Guys, What would be a "Safe Weight" to tow with my 04 Gto?
I have a Seadoo boat, it sits on trailer at 2,300LBs. Can the "Under body", that a class 2 hitch bolts up to, hold up to the weight? Im going to do Drag bags to help the rear of the goat, I just dont know if the Body will hold?????


----------



## NYGGTO (Mar 30, 2009)

I had that same questions because I needed to tow something in a few months.


----------



## GTO JUDGE (May 14, 2005)

This is right from the manual:

*Towing a Trailer
Your vehicle is neither designed nor intended to tow
a trailer.*


While others have towed with this car stating they had no problems, I would suggest you follow the manual.


----------



## bwiest (Nov 30, 2008)

I personally can't imagine putting a trailer hitch on one of these


----------



## jeepboy454 (Apr 11, 2009)

Guys I need some feedback, not just put downs.

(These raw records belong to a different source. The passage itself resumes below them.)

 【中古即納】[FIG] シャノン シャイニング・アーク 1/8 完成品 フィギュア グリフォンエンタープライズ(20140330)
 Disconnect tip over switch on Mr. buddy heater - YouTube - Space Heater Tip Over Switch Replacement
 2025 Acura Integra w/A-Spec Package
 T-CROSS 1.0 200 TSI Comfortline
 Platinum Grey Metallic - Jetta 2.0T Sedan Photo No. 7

If a 2004 Z06 can pull a small trailer with a R6. And a 1981 Vette can pull a full size drag Boat. Then a Goat should do the same. I have called the Dealer and looked through the OWNERS MANUAL, but that is a safety procaution. I want to know what the UNABODY really can hold up to.


----------



## GTO JUDGE (May 14, 2005)

jeepboy454 said:


> Guys I need some feedback, not just put downs. If a 2004 Z06 can pull a small trailer with a R6. And a 1981 Vette can pull a full size drag Boat. Then a Goat should do the same. I have called the Dealer and looked through the OWNERS MANUAL, but that is a safety procaution. I want to know what the UNABODY really can hold up to.


I gave you the feedback you asked for right from the manual. I gave my opinion as it related to the manual. I haven't seen anyone putting your idea down. Truck on down to U-haul and have a tow package installed to do what you need done. Others have installed tow packages on them.


----------